Het orgel van de Groote of Nieuwe Kerk te Maassluis werd in 1730-32 gebouwd door Rudolph Garrels. Het orgel was een geschenk van Govert van Wijn, een rijke ingezetene van Maassluis.
Het orgel bleef in de loop der tijden niet gespaard voor wisselende muzikale smaken van orgelbouwers en organisten. Meer of minder ingrijpende werkzaamheden aan het instrument vonden plaats door Jacobus Robbers (1772-1773), Andries Wolfferts (1789-1801), Abraham Meere (1805), Jonathan Bätz (1840), Michael Maarschalkerweerd (1881) en twee generaties Van Leeuwen (1938-1965). Een eerste restauratie, die terug probeerde te gaan naar de oorspronkelijke toestand van 1732, vond plaats in de jaren 1956 tot 1965.

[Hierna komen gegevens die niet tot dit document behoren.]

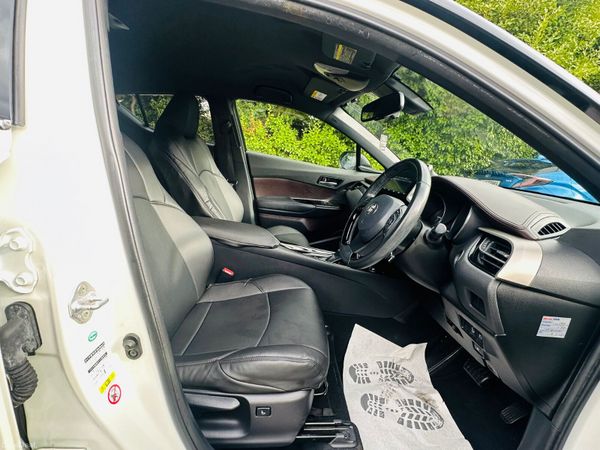 Toyota C-HR 2018 30K Miles Leather 384823988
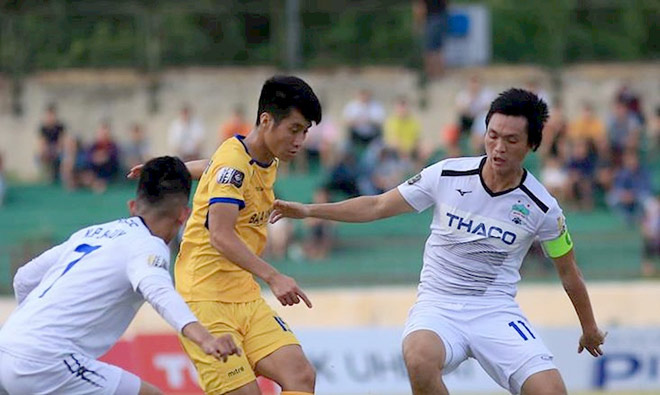 Tuấn Anh (phải) đội HAGL ghi bàn thắng giúp HAGL thắng SLNA 3-2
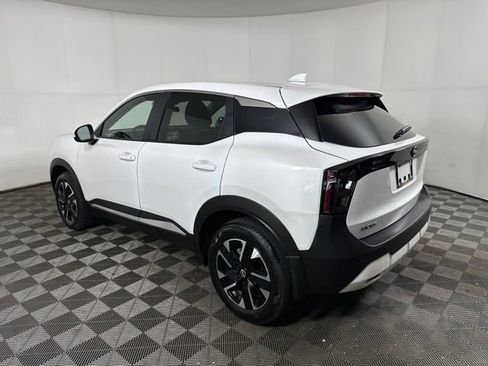 Certified 2025 Nissan Kicks SV image 5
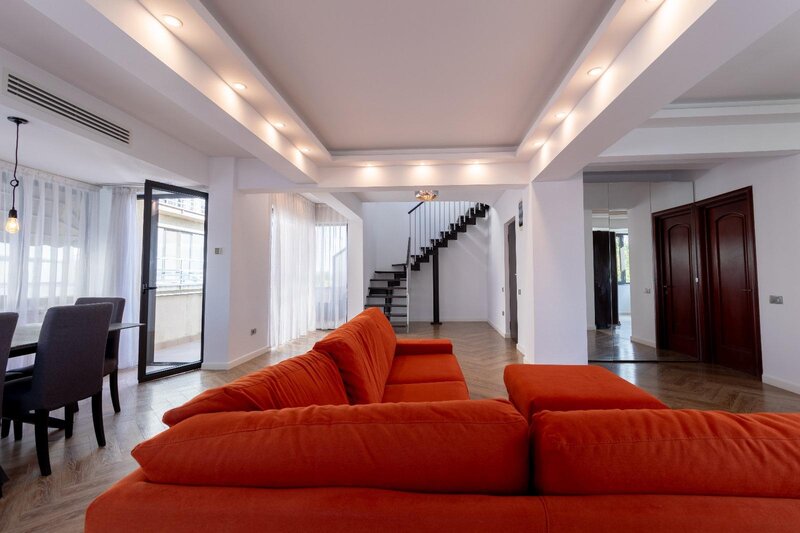 Vedere Lac Floreasca, 2014 Penthaus 3 Camere 180 mp 2 Bai, Parcare Subteran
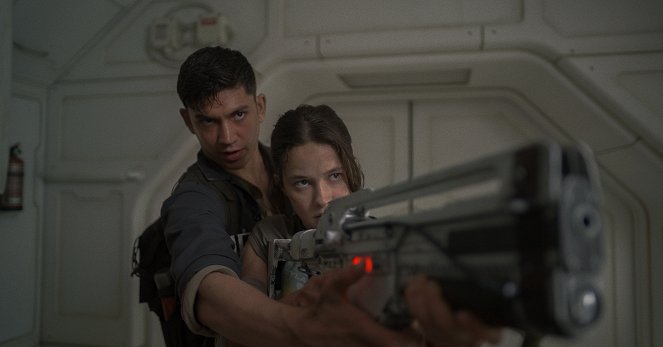 Alien: Romulus - Kuvat elokuvasta - Archie Renaux, Cailee Spaeny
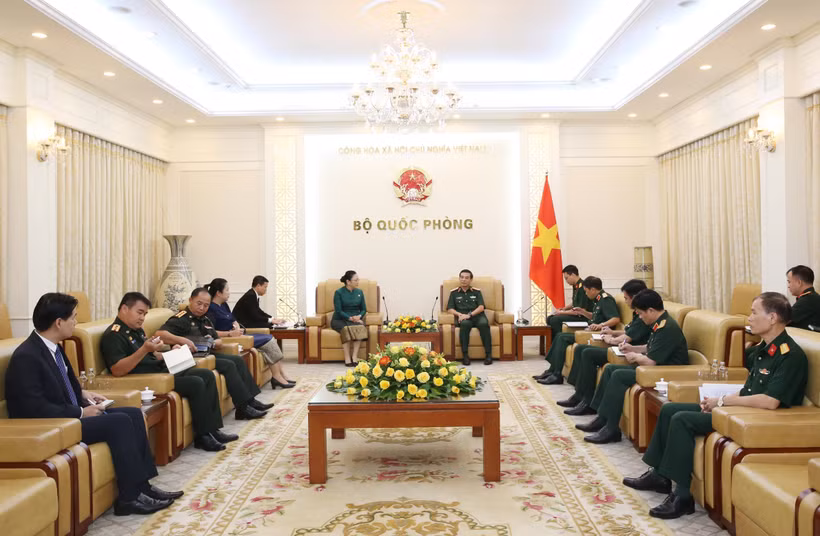 El ministro de Defensa de Vietnam, general Phan Van Giang, recibe a la embajadora de Laos en el país, Khamphao Ernthavanh. (Fuente:VNA)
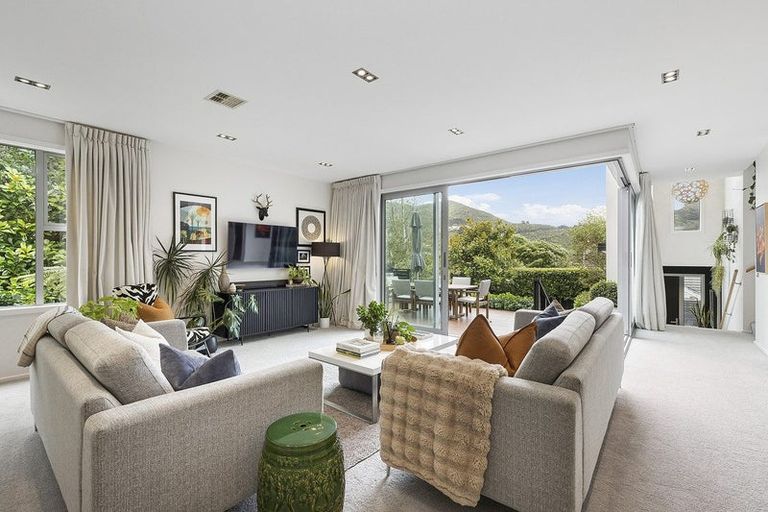 Photo of property in 405b Karori Road, Karori, Wellington, 6012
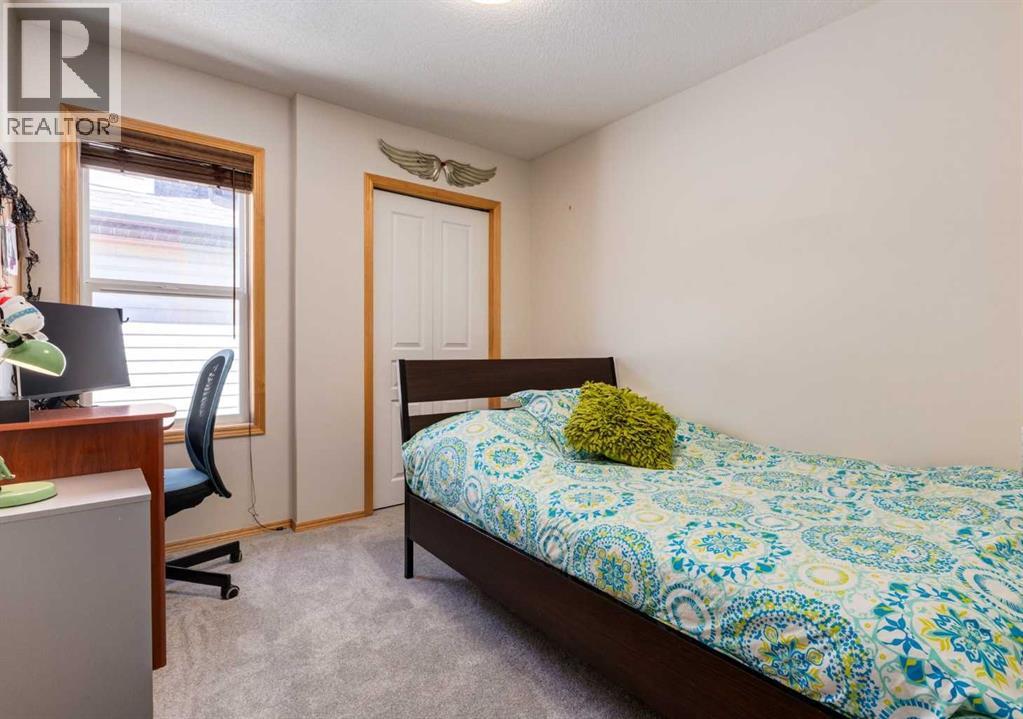 Single Family House for Sale in  Tuscany Vista Point NW Tuscany Calgary 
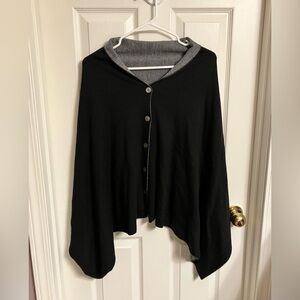 Orvis | Black with Reversible Gray Cape Coat 100% Wool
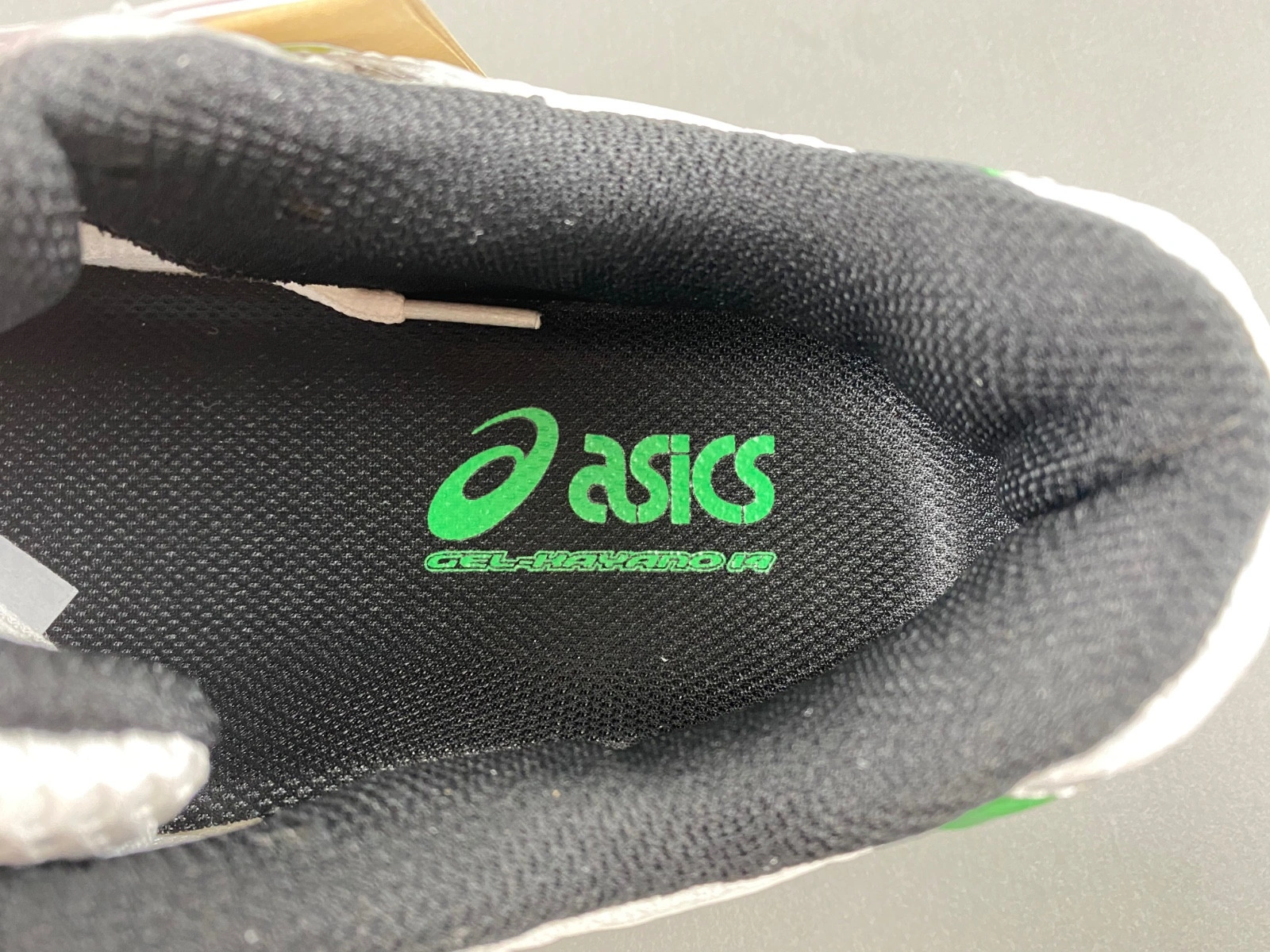 Asics gel-kayano 14  White Malachite Green 1201A019-110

In 1978 werd het orgel gerestaureerd door Pels & Van Leeuwen. Uitgangspunt was de situatie van 1840 met behoud van de Open Subbas 16′ uit 1938 en de Bazuin 32′ die in 1975 op verzoek van Feike Asma was toegevoegd. Zo kreeg het orgel zijn huidige dispositie. In de periode 2000-2002 volgenden nog grotere en kleinere onderhoudswerkzaamheden door de firma Pels & Van Leeuwen die het orgel nog steeds in onderhoud heeft.